─── Given material
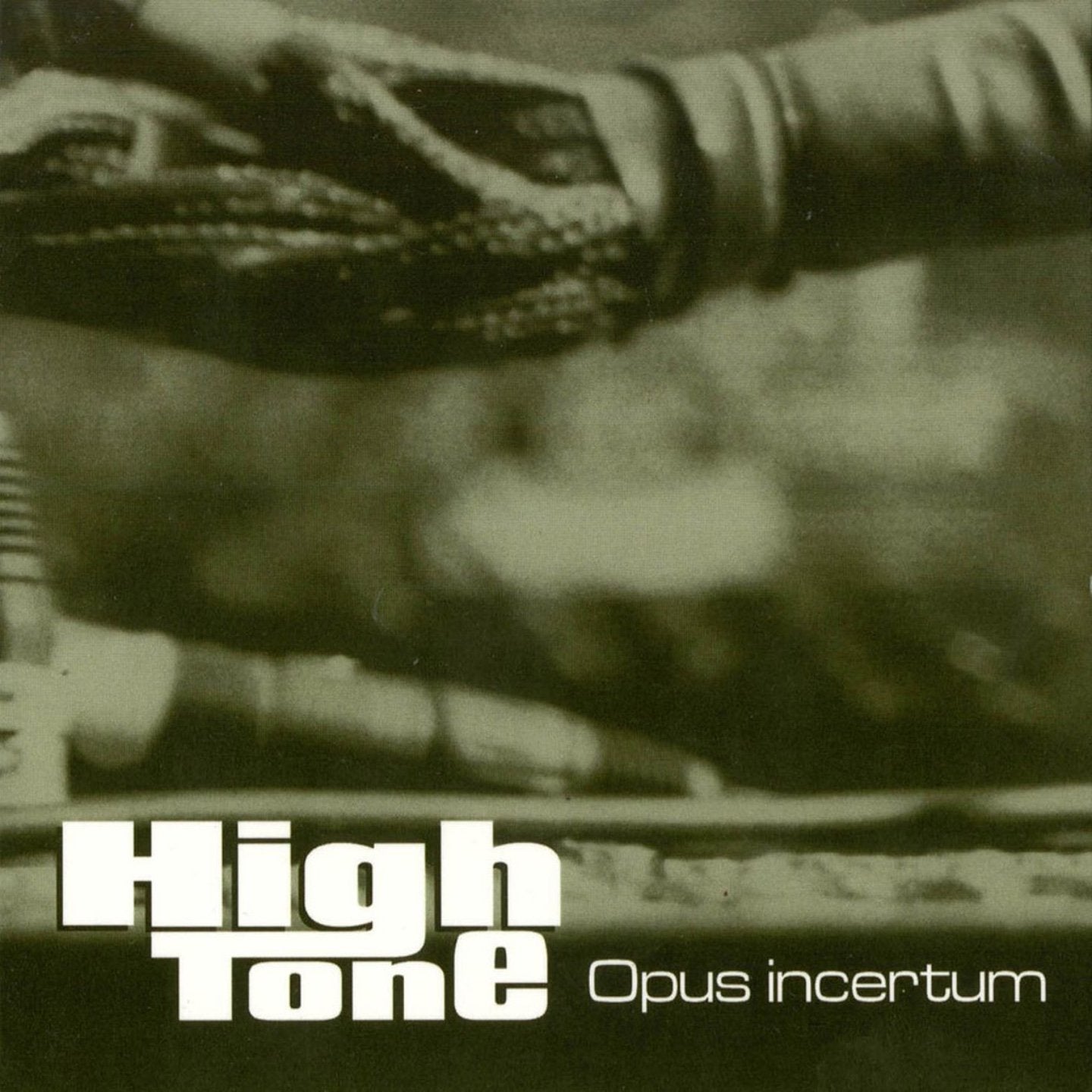 High Tone / Opus Incertum - 2LP Used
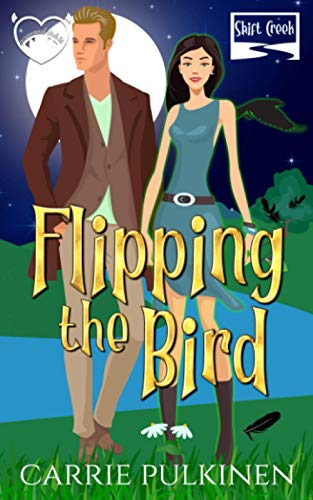 Stock image for Flipping the Bird: A Paranormal Chick Lit Novel (Shift Creek) for sale by SecondSale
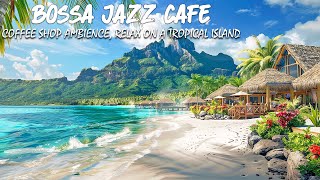 Bossa Nova Breeze💖 Sunrise Serenade in Island Haven, Ocean Waves for Deep Relaxation by Bossa Nova Music 8,204 views 1 month ago 3 hours, 19 minutes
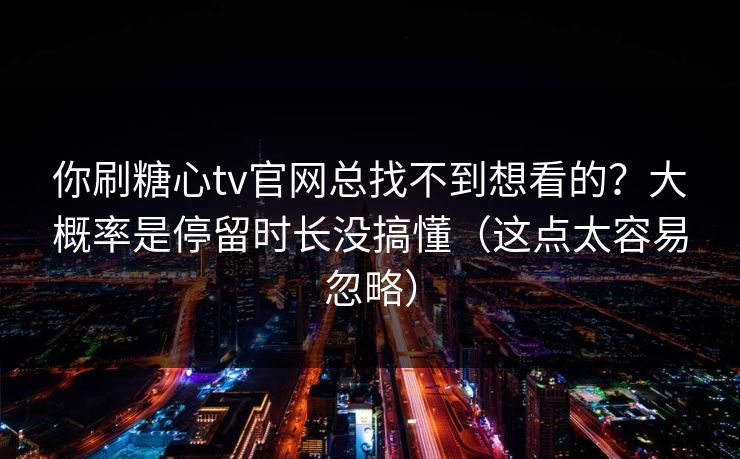 你刷糖心tv官网总找不到想看的？大概率是停留时长没搞懂（这点太容易忽略）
──────
### Task to complete
In your copy of the listing above, every line must match exactly and no picture may appear.

### Worked solution
 High Tone / Opus Incertum - 2LP Used
 Stock image for Flipping the Bird: A Paranormal Chick Lit Novel (Shift Creek) for sale by SecondSale
 Bossa Nova Breeze💖 Sunrise Serenade in Island Haven, Ocean Waves for Deep Relaxation by Bossa Nova Music 8,204 views 1 month ago 3 hours, 19 minutes
 你刷糖心tv官网总找不到想看的？大概率是停留时长没搞懂（这点太容易忽略）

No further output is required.